WORKING PAPERS
I develop and estimate a model of endogenous teacher effectiveness, where both teachers and students exert effort to produce knowledge. I use rich data to estimate the model and recover flexible distributions of students' endowments, teachers' general teaching skills, and teachers’ marginal effort costs. In counterfactual analyses, I quantify the achievement gains from various teacher-to-classroom reassignment interventions. I find that these interventions can improve average student achievement and that ignoring endogenous effort adjustments can distort the distribution of gains. Additionally, I find that standard value-added specifications nested within the model have limitations in identifying effective teachers for low-performing classrooms.
Mental Health and the Early Career Dynamics of Young Men. With Cecilia Diaz-Campo, Bart Hamilton, and Hyun Soo Suh.
Do poor mental and physical health scar early career labor market trajectories? Using longitudinal data from the Household Income and Labour Dynamics in Australia (HILDA), we document the life-cycle patterns and analyze the two-way interactions between health and labor market outcomes. To address health endogeneity, we exploit exogenous life shocks as transitory shocks to identify their negative short-term effects on health. Informed by this evidence, we develop and estimate a dynamic discrete choice model with unobserved heterogeneity, allowing for correlation between health and income. Our estimates show that poor health, especially mental health, significantly reduces the likelihood of full-time employment and raises the probability of not working relative to part-time work. A strong scarring effect of mental health shocks emerges, leading to persistently weaker recovery paths and lower earnings. Our counterfactuals highlight three findings: (i) permanent health and income types jointly drive large inequality, with low types earning half as much as high types; (ii) persistent poor mental health contributes to higher earnings inequality than physical health; and (iii) transitory health and labor market shocks have long-term negative effects on labor supply choices, amplified with poor mental health.
Grades, Effort, and Incentives: Modeling Student Performance within a Semester.

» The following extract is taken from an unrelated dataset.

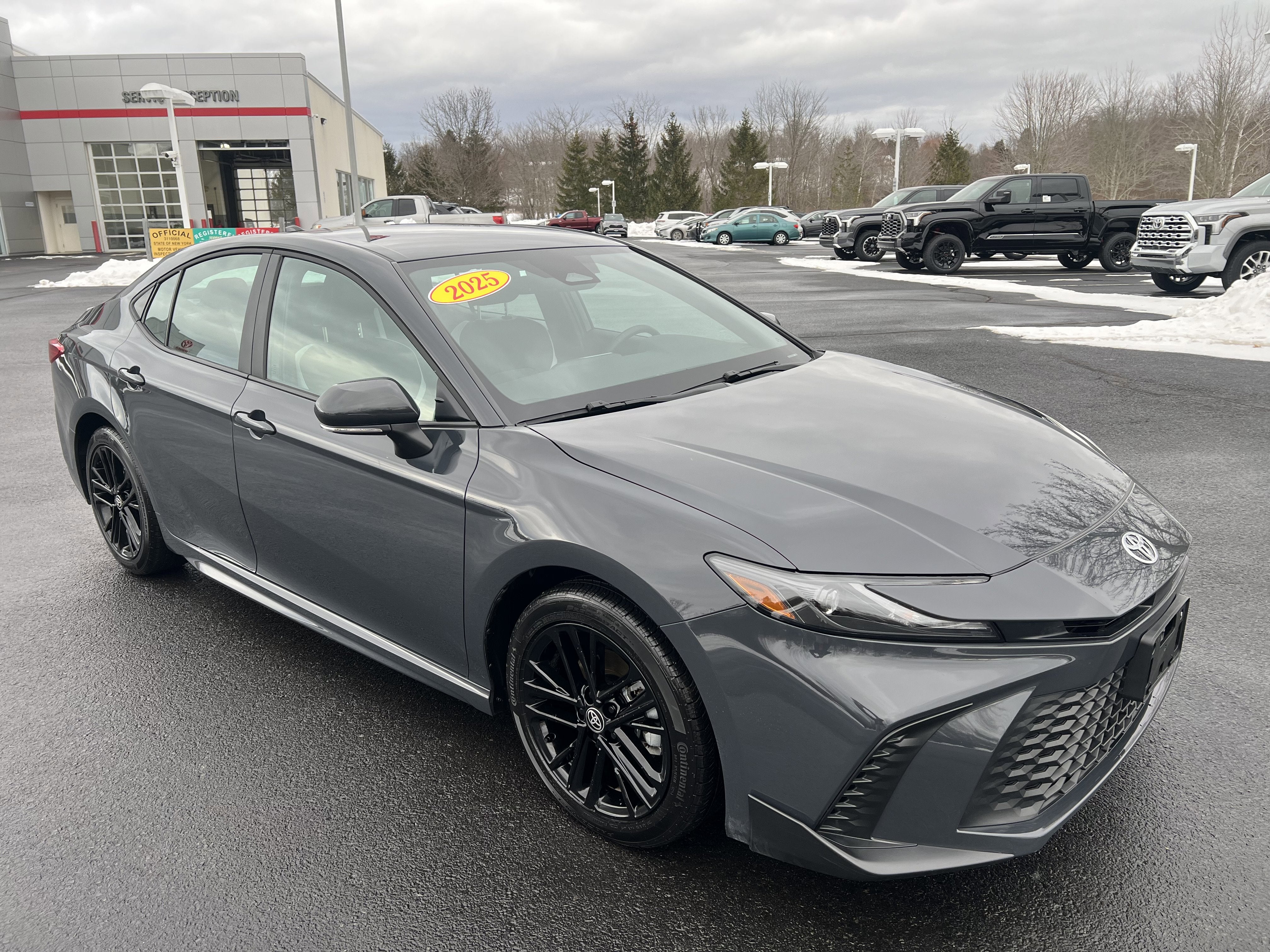 2025 Toyota Camry SE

I develop and estimate a dynamic model of students’ academic performance and learning effort within a semester to examine how course design affects academic outcomes. The model is estimated using rich data from an Introduction to Economics course at a leading public university in Argentina, covering 2018–2025. In counterfactual exercises, I study how changes in the minimum grade required to pass the course and changes in the relative weights assigned to midterms affect students’ academic performance. Student heterogeneity is captured through latent types that differ in productivity, effort costs, knowledge persistence, and valuation of final grades. By simulating alternative grading schemes, the analysis shows how intra-semester policies can reduce achievement gaps by increasing the participation of students with low productivity but a high valuation for passing the course.
WORK IN PROGRESS
Group or Individual Teacher Bonuses? An Estimation of the Potential Gains
This paper studies how different teacher performance pay schemes would perform if optimally designed. I use publicly available data from a teacher incentive experiment in Andhra Pradesh, India, which included both individual and group piece-rate bonuses. First, I recover production and utility parameters from the control and individual-incentive treatment. I then simulate the group-incentive game to infer the likelihood that teachers play a free-riding outcome versus a cooperative (first-best) outcome. With these estimates, I evaluate counterfactual incentive structures to compare the potential gains from individual- and group-based schemes.